This thread has been locked.

If you have a related question, please click the "Ask a related question" button in the top right corner. The newly created question will be automatically linked to this question.

OMAP L138 - ARM9 performance

Other Parts Discussed in Thread: OMAP-L138

Hi!

That's my first post on this forum. I wanted to share my experience with ARM9 execution time. I tested the following loop:

int i;
int max = 90000000;
for( i = 0; i < max; i++ );

with different configurations:
- ICache on/off,
- variables i and max declared as registers (register int i; register int max=90000000) or not
- program and variables placed in: shared memory/ARM memory

I use Code Compose 4.2.4. Compiler optimization was switched off. The core runs on 300MHz

What I did not test yet, is the influence of data cache.

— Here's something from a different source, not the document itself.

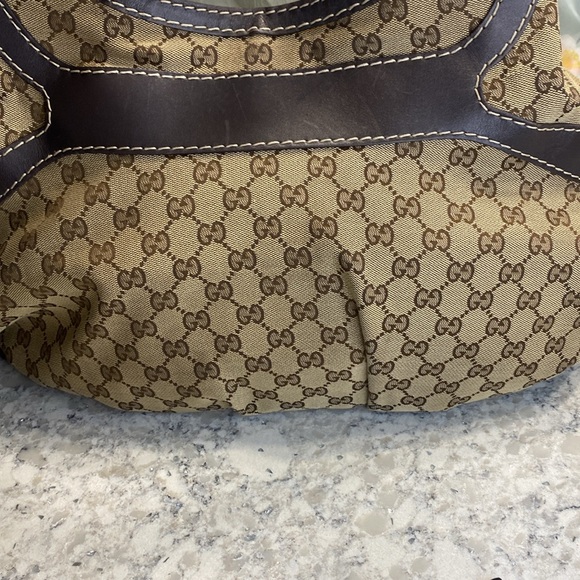 Gucci Queen Medium Hobo Handbag GG Brown Monogram Canvas/Leather - Picture 5 of 14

I'll update, once I have more free time.

The results are in the attachment.

When the variables are declared as NOT registers, the loop is unrolled as follows:
$C$L1:
LDR           R0, $C$CON1
LDR           R12, [R0]
ADD           R12, R12, #0x1
STR           R12, [R0]
LDR           R12, $C$CON2
LDR           R0, $C$CON1
LDR           R12, [R12]
LDR           R0, [R0]
CMP           R12, R0
BGT           $C$L1

The variables i and max are retrieved from memory each iteration, compromising the performance.

When variables i and max are declared as registers, the loop unfolds as:
$C$L1:
ADD           R12, R12, #0x1
CMP           R4, R12
BGT           $C$L1
what eliminates the need to grab to the memory, giving considerable boost.

Conclusions:
1) The execution time for extreme cases differs by a factor of 50!!!
2) Observe assembler code to pinpoint bottlenecks.

Best regards
Przemyslaw Baranski

  • Appreciate your work!!  make sense when I cache is on and  making both variable as register than considerable boost can be achieved. Thanks.

  • Hi Nikunj!
    Thanks for your interest.
    1) For some cases I calculated MIPS measure and also compared results with ARM7 microcontroller clocked at 55MHz, the program being fed from from RAM. The oldie ARM7 (@55MHz) seems to outperform ARM9 (@300MHz) with the latter not using ICache.
    2) Regarding ARM9 on OMAP-L138, some people say that running program from ARM memory should give better results than from shared memory. The results shows however sth else. I guess, running from ARM memory might bring better results when the SCR is being used by other peripherals and thus access to shared memory is queued.


    Best regards

    Przemyslaw Baranski

  • you are absolutely right, ARM will have best performance than shared memory only when SCR is used by some other peripherals, just because of queue of shared memory. 

    If performance enhancement is your area of interest than you should try for SIMD instruction set for NEON architecture.